I've been checking out all the awesome videos on MTB4Her and really enjoyed the Dirt Divas Friends and Freeride video. What I'd like to do - be like the two ladies leading the charge down the trail, flying over the jumps. What I am - the girl at the end, going around a number of them, LOL. It's so encouraging watching all the ladies out there really killin' it. I've got a long way to go, but it sure inspires me!


----------



## cyclelicious (Oct 7, 2008)

A full face should fit snug but not squish or feel tight. It should also be light weight. Not all FF helmets are the same so it's one of those items wear trying a variety of brands and sizes is best

I have a carbon Giro Remedy but it needs replacement. I like it but I wanted to check out the POC. I tried on a POC at my LBS in the same size as my Giro and you know what ? It fits differently!
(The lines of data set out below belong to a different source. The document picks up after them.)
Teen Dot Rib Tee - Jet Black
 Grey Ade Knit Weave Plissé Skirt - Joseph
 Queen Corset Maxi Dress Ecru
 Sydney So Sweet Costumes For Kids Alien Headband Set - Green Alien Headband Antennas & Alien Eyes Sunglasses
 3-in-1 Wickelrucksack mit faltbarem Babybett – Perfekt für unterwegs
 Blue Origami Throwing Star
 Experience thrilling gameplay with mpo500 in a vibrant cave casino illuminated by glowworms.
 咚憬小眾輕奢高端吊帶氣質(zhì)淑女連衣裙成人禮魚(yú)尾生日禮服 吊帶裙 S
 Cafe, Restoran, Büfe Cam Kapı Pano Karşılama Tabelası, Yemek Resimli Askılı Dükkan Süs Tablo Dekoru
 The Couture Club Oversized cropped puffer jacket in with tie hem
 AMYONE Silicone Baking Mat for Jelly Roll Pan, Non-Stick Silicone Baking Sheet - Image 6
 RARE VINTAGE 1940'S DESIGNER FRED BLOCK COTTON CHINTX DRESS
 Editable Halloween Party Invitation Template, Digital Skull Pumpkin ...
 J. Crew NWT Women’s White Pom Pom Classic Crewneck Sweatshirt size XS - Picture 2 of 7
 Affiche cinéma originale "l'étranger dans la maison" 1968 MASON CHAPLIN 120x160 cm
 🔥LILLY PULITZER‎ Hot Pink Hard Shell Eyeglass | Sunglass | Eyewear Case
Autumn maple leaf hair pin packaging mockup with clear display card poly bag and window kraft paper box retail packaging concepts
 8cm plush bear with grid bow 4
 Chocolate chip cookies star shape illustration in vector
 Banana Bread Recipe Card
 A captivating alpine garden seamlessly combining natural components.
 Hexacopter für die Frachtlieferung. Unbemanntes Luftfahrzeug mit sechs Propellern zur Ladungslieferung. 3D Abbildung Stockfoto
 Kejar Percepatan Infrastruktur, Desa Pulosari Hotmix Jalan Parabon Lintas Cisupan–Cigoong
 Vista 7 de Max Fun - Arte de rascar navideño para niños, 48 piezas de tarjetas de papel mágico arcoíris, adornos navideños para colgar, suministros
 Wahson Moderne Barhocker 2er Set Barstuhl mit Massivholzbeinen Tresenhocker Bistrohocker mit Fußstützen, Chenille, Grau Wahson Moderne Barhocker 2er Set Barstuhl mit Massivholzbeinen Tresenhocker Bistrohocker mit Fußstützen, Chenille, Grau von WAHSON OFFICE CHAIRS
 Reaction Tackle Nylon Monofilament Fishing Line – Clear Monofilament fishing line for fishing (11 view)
Now I am not so keen to switch brands


I don't wear a neck brace nor do I wear chest or shoulder armor. (I wear elbow. forearm. and knee/shin pads) its just a personal preference/


----------



## Tone's (Nov 12, 2011)

Im not a chick, but i do have a long platt, if its platted a bit high it makes my FF feel tight, im not sure if you girls have long hair but it has to be tied low thats for sure.
FF fits are funny things, i found a brand that i love the fit, 661 and have stuck with the same brand.
Another thing thats sometimes overlooked is field of vision, some FF have a smaller opening that really prohibits peripheral vision, the 661's have a reall nice size opening thats great.

OP, put the helmet on and watch TV in it for an hour, if it gives you a headache or is just too tight, send it back and get the size bigger, you dont want anything thats to tight, you wont be riding in comfort.
But the helmet looks good, would suit a girl very well, cheers


----------



## petey15 (Sep 1, 2006)

I think I figured out why I didn't notice the pink jersey with the camo shorts...the camo blended in !


----------



## petey15 (Sep 1, 2006)

That's a good idea, Tone's - thanks for the suggestion!


----------